Suppose the player has obtained 200 hits during the season. What have you learned about the number of at-bats and probability of hit for this player? Can you predict the number of hits this player will get for the following season?
This problem is a bit unusual since one does not know the number of at-bats AB or the probability \(p\) for this player. But we have prior knowledge about the number of at-bats and the hitting probability that we can model by a prior distribution \(g(AB, p)\). By combining this prior with the likelihood, we can learn about the at-bats and probability of success by the posterior distribution, and we can use the predictive distribution to learn about the number of hits in the following season.

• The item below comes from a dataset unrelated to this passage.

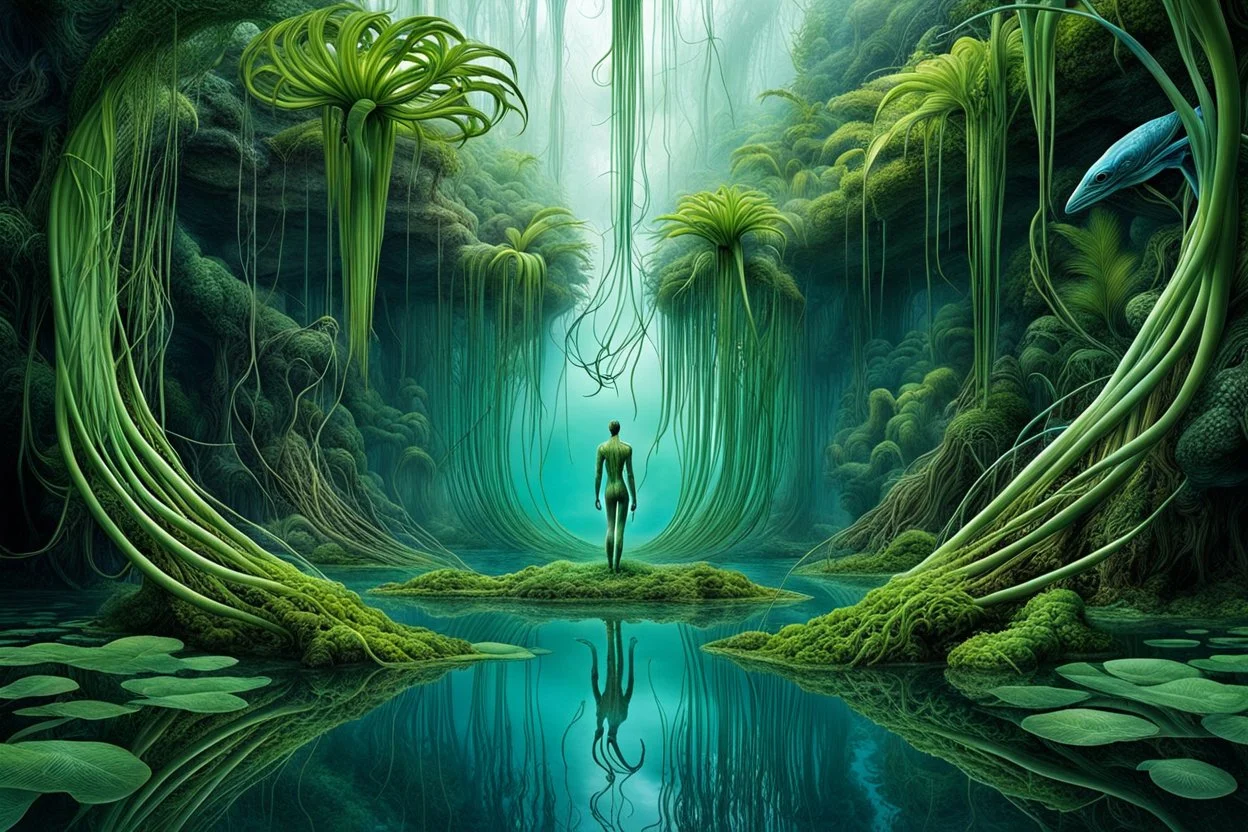 Ecological Art, plants, floating earths, long leaf tendrils, green colors and shades, blue waters, mitical human-plants mutant ecocreatures living fascinating in stunning alien flora, intricate details, sharp focus, filmy , surreal, frighteningly beautiful, perfect stunning composition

We construct a prior for the pair (\(AB, p\)) by decomposing the prior as the product \[ g(AB, p) = g(AB) g(p | AB), \] and separately construct the marginal prior for the at-bats \(AB\) and the prior of the hitting probability \(p\) conditional on the at-bats \(AB\).
The player is known to be a full-time player which means that the player obtains between 400 and 700 at-bats in a season. We can construct a prior for \(AB\) by looking at the distribution of at-bats for all players in a particular season. Figure 1 shows a histogram of the at-bats and the smooth curve represents a density estimate. We can use this density estimate as our prior density for \(AB\).
library(dplyr)
Attaching package: 'dplyr'The following objects are masked from 'package:stats':
filter, lagThe following objects are masked from 'package:base':
intersect, setdiff, setequal, unionlibrary(Lahman)
Batting %>%
filter(yearID == 2019) %>%
group_by(playerID) %>%
summarize(AB = sum(AB)) %>%
filter(AB >= 400, AB <= 700) -> S
trun_normal <- function(x){
dnorm(x, 505, 90) / (pnorm(700, 505, 90) -
pnorm(400, 505, 90))
}
plot(density(S$AB),
main = "Density Estimate of AB with Normal Approximation",
xlab = "K")
curve(trun_normal(x), 400, 700,
add = TRUE, col = "red")
Next, we construct a prior on the hitting probability \(p\) conditional on the number of at-bats \(AB\). We don’t know the player’s hitting probability, but we can collect the batting averages \(AVG = H/AB\) for all full-time players. Figure 2 shows a scatterplot of \(AVG\) against the at-bats \(AB\).
Batting %>%
filter(yearID == 2019) %>%
group_by(playerID) %>%
summarize(H = sum(H), AB = sum(AB)) %>%
filter(AB >= 400, AB <= 700) %>%
mutate(AVG = H / AB) -> S1
plot(S1$AB, S1$AVG)
abline(lm(AVG ~ AB, data = S1))
We see from the superimposed least-squares fit that there is a positive relationship between the batting average and at-bats. So our prior mean for \(p\) will depend on \(AB\). We will use a beta density for \(p\) of the form \[ g(p | AB) \propto p^{K \eta - 1} (1 - p)^{K(1-\eta)-1}, \] where \(\eta\) is the mean and \(K\) is the precision parameter. We use the least-squares fit to obtain the prior mean:
lm(AVG ~ AB, data = S1)$coef (Intercept) AB
0.1999521180 0.0001346106 It is more difficult to assess \(K\) since this reflects the variability in the hitting probability and Figure ?? shows the variability in the batting average \(AVG = H/AB\). Using techniques from the hierarchical modeling chapter, we choose the precision value \(K = 400\).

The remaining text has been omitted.